# sherwin williams multi surface acrylic



## jacob33 (Jun 2, 2009)

I'm planning on using this for the first time on some cabinets. To the people that have used it does have good blocking and cure fast? I did a test spot today and it brushed and rolled very well. Not quite as good as oil but I would say 95% as good. My main concern is that it will dry and not get things stuck to it. It is a white so not much tint in it.


----------



## RH (Sep 7, 2010)

This has become my go to cabinet and door paint - I really like the stuff. IMO, it dries and cures faster and better than many products out there. Still, take reasonable precautions when transporting - no sense in creating problems.


----------



## jacob33 (Jun 2, 2009)

Do you use the egshell sheen? Most things around here are satin so I figured that would be the closest. It appears to only come in gloss or eggshell


----------



## RH (Sep 7, 2010)

jacob33 said:


> Do you use the egshell sheen? Most things around here are satin so I figured that would be the closest. It appears to only come in gloss or eggshell


Have never used the gloss. The eggshell is more like a satin IMO. Still, a semi-gloss would be a nice option. Hopefully they will come out with that in the near future. 

BTW, using a 310 FF tip, the stuff sprays great and levels out pretty darned nicely.


----------



## jacob33 (Jun 2, 2009)

It seemed to brush and roll well on my test piece which is important to me. We probably do 75 percent brush and roll. At least all the boxes we take the doors and draws to the shop but I do not like spraying in a house if I dont have too.


----------



## lilpaintchic (Jul 9, 2014)

So...I went looking for MSA today, my store guys were confused. Is it ASE relabled?

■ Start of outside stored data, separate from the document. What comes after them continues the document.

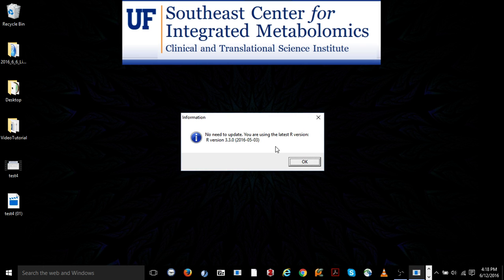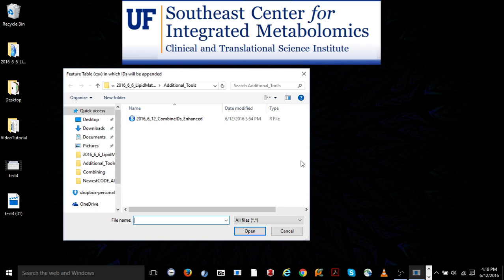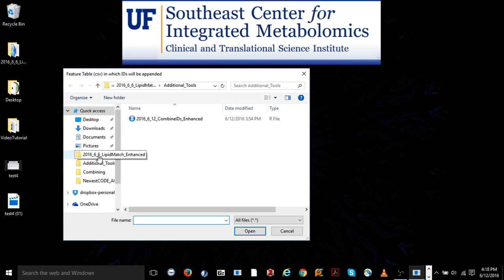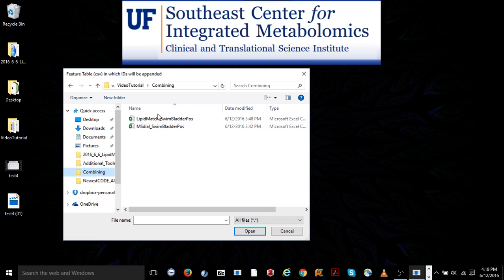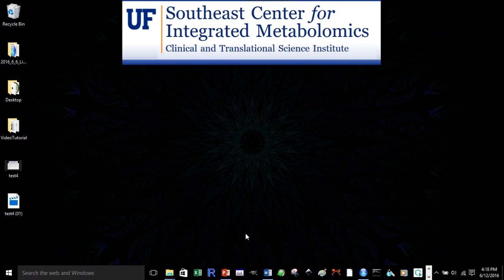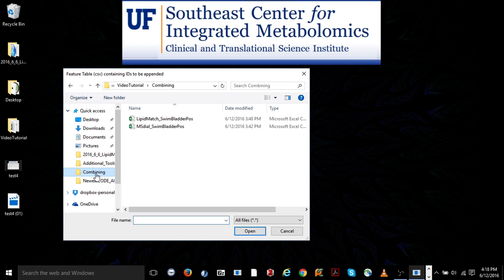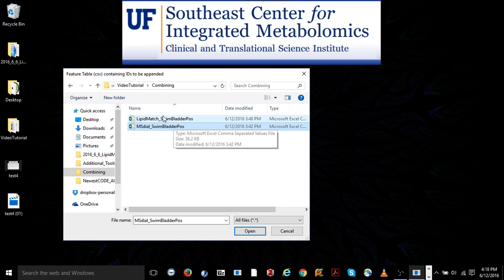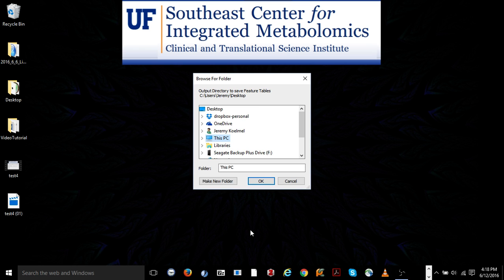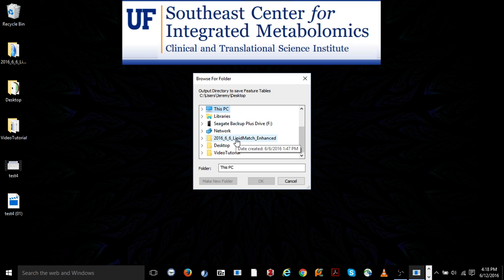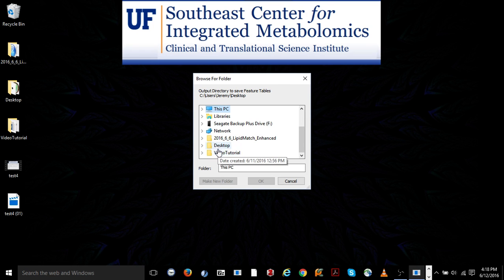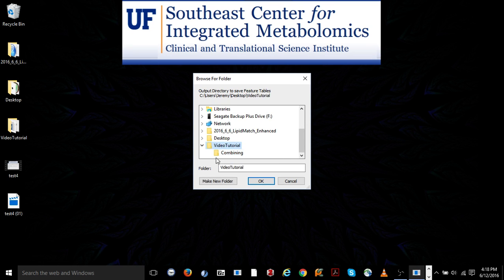Now, it's going to ask us a series of questions. First, it's just showing that we have the latest version of R. Now, it's asking for the feature table in which IDs will be appended. So, that's going to be our lipid match feature table. Now, it's going to ask for the feature table containing IDs to be appended. So, in this case, it's the MS dial that has the identifications that we want to append onto the lipid match table. Now, it's going to ask us for our output directory to save the feature tables. The output directory, in this case, I'll have is the same as the input directory.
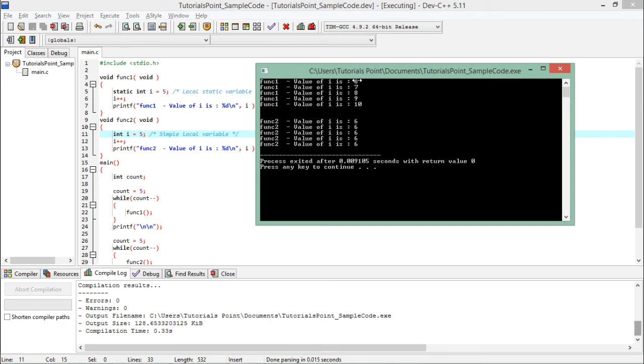But i is still in the memory, so next time when I call func it will start from 6 itself, it will not reset to 5. So that's how you can see 6, 7, 8, 9, 10.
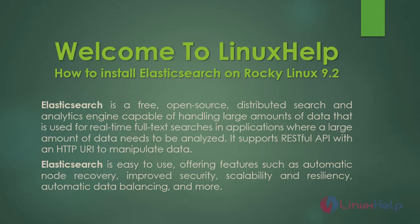Welcome to Linux Help. In this today's session we are going to see how to install Elasticsearch on Rocky Linux 9.2.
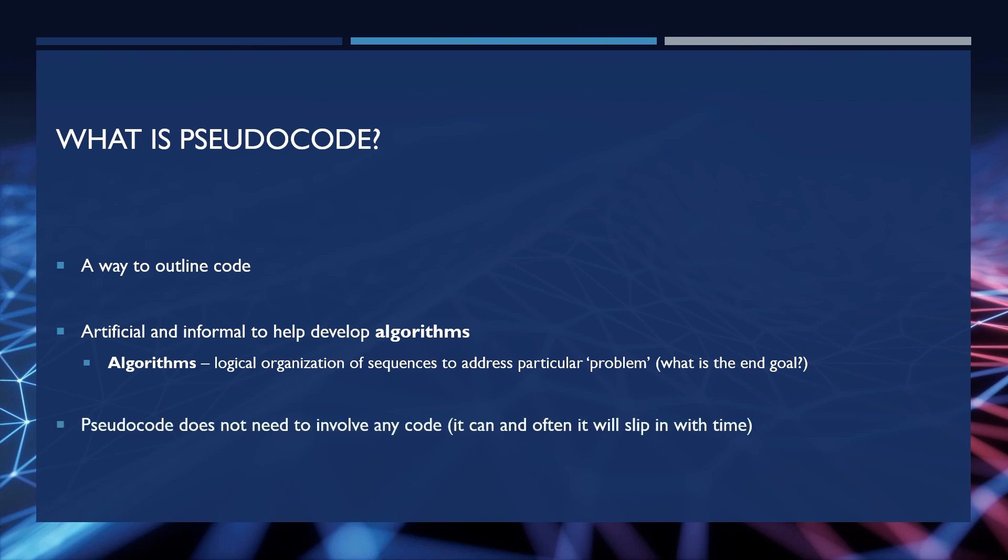Pseudocode does not need to involve any code. Now some people, myself included, will often slip actual code into pseudocode. And the pseudocode will typically follow the formatting of the code. But pseudocode by far and large is however you need to write the code in order to understand what you are working on.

A different product altogether? Or regional?


----------



## jacob33 (Jun 2, 2009)

Its in their industrial line I dont think its regional but could be. Its not ASE that stuff was terrible


----------



## tnw322 (Jun 6, 2016)

That's the problem with SW ,most of the staff in their stores are clueless. I recommend always talking with the manager or a rep. If they don't know what it is, that's scary. 


Sent from my iPhone using Tapatalk


----------



## lilpaintchic (Jul 9, 2014)

This guy has been around for a bit...not a manager or a mit even, I'll ask my rep about it.. .I wanted to paint an exterior metal door with it and give it a go...ended up with pi dtm...it'll work.


----------



## Rbriggs82 (Jul 9, 2012)

lilpaintchic said:


> So...I went looking for MSA today, my store guys were confused. Is it ASE relabled? A different product altogether? Or regional?


They didn't know what it was when I first asked for it either, now I have keep a minimum of 5 gals for me on automatic reorder. 

Oh and make sure you tell them it's in the pro industrial line.


----------



## PACman (Oct 24, 2014)

lilpaintchic said:


> So...I went looking for MSA today, my store guys were confused. Is it ASE relabled? A different product altogether? Or regional?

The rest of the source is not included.